Deaf Sign Language

This article is based in an essay I wrote for an English class in the second semester of 2015

The first time I heard somebody was studying Deaf Sign Language was from my auntie. It seems that the city is giving free classes to learn the Colombian Deaf Sign Language. But what is a Deaf Sign Language?.

Before searching a little in Internet, I thought that the Deaf Sign Language was a language constructed mapping words from a Hearing Language, like Spanish, to hand gestures. This means, I thought, they only use a different set of skills to carry the words they are making, just like writing requires a different set of skills to what speaking requires, thus using the same Spanish grammar as I use. So, basically, if you want to learn Sign Language, I thought, you only need to learn to write or speak again using a different set of skills, with your hands mainly.

That sounds right, but it isn’t, I was completely WRONG!.

Actually a Deaf Sign Language (DSL) is a completely, usually, unrelated language to the language the hearing people speak in the same region. I was really surprised to know that there isn’t the “Spanish” DSL but there is a Colombian DSL, a Mexican DSL, a Spanish DSL

In my mind I had the idea that every deaf person who lives in a country in which Spanish is the lingua franca should speak the Spanish deaf version of the language with their hands, but it is a foolish thought. Yes, ‘we’ were conquered by Spain some hundred years ago, and yes, ‘we’ (my ancestors) were forced to speak Spanish over whatever language they spoke, and yes, that is the reason why we speak Spanish, and that why so many people speak Spanish in a so big and sparse place that is Latin America. But none of that counts for the DSL, because presumably the conquers didn’t speak any sign language or the language was never transmitted or forced on the people.

Actually the Spanish (from Spain) DSL has its own roots in the French Sign Language from the mid-19th century, too late to be carried by the conquers to the “new” world. And also, there is not as much deaf people as there is hearing people, it is difficult to pass a DSL from one speaker to another, it is difficult to learn/teach any language if the interested people are spread all over a region in a low density.
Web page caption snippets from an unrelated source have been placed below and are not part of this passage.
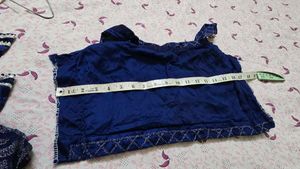 Elegant Blue Lehenga Choli Set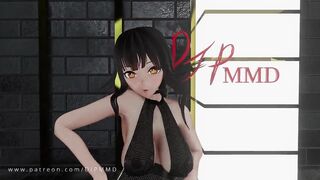 Kangxi Queencard MMD Blender Render 1839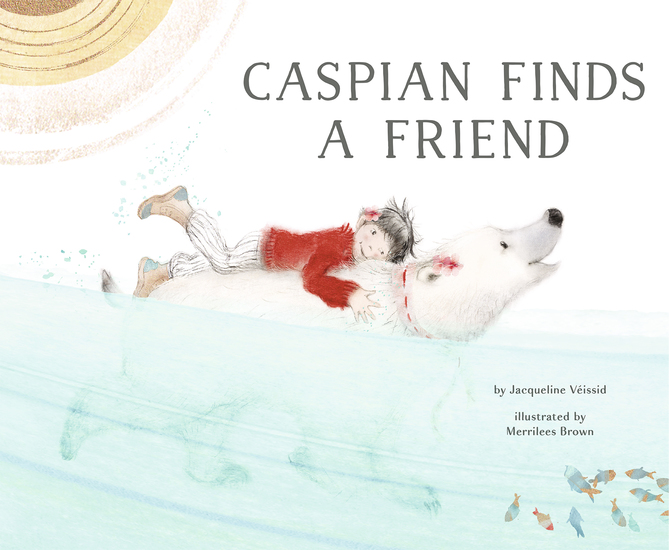 Caspian Finds a Friend - cover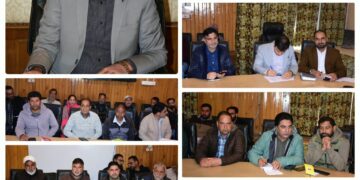 City Municipal Comr Srinagar directs verification , disposal of pending applications on PMAY-U 2.0 implementation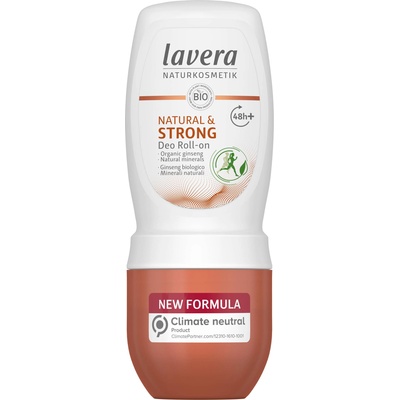 Lavera Рол-он дезодорант Natural & Strong, 50 ml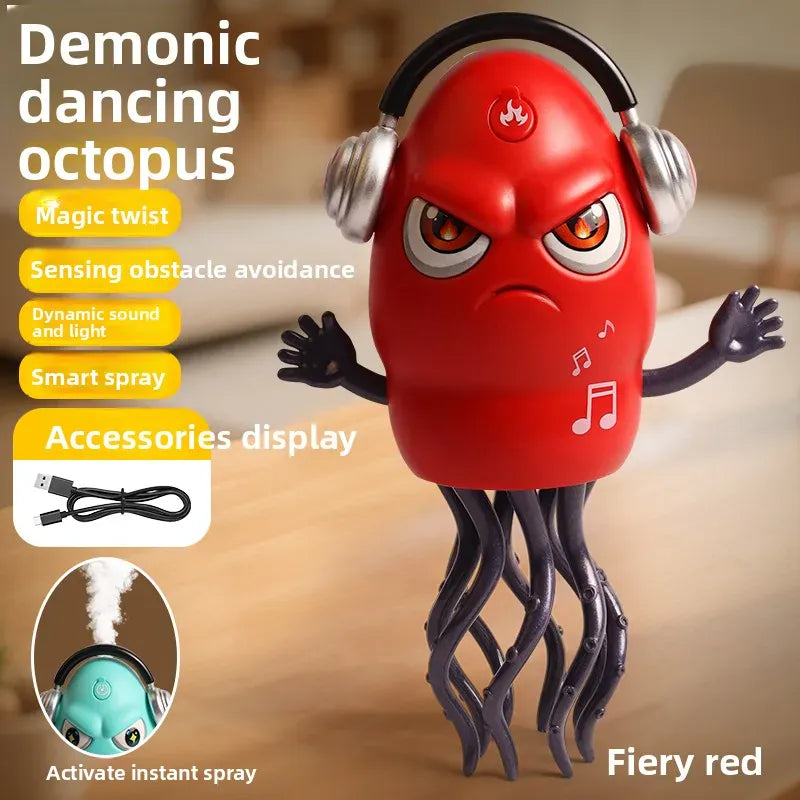 Nelokid Moving Octopus Toy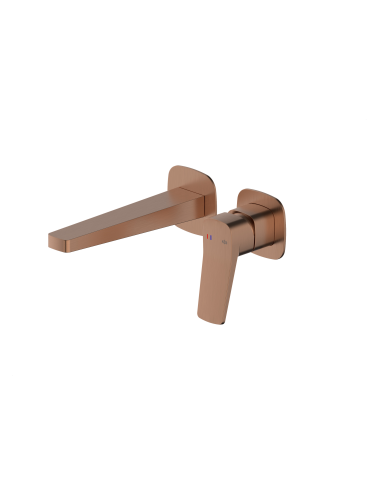 MALAGA BRUSHED ROSE GOLD iebūvējamais izlietnes maisītājs 4529-810-34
In this sense, spoken/written Spanish and the CSL (Colombian Sign Language), or the whatever other sign language that is used in a region where is Spanish is spoken, are not necessarily related. Of course, languages borrow words from each other, and sign languages are no exception, but Sign Languages are not created by individuals, hearing people for example, and then learn by deaf, they are just like any other language, they develop from human interaction.

Languages are developed by the people who use them and in the case of the CSL are the Colombian deaf community who developed it, or in the case of the Spanish Sign Language (SSL) are the Spanish deaf community who developed it, etc. This means, SSL and CSL are probably unintelligible because they were not developed from the same people. This does not mean that all sign languages totally unrelated between each other either, some of them make groups of languages and thus belong to the same family, just like Spanish, French, and Italian belong to the same family.

Summarizing, the deaf sign languages are just like regular hearing languages, they have their own set of rules for the grammar, spelling (though, many borrow the spelling from a hearing language to reference places or people, a process called fingerspelling), vocabulary, and they shape or are shaped by the people who use them. And because the deaf population from a region tend not to interact with deaf people from other regions, the languages use to develop independently.

My auntie sing up to learn the CSL because she thought learning a deaf language was an easy task, something which could distract her from the daily stress of work and family, and it also could be fun. But as you, dear reader, could guess, what she have though to be an easy task result in an enormous one. She is learning a new foreign language!, and that requires her giving a lot of her energy into learn a new grammar, vocabulary, and hand-body skills. She did not know it at the beginning for sure, but she knows it now, and now she replies that the administration is losing money with her, because she thinks, she is a bad languages learner.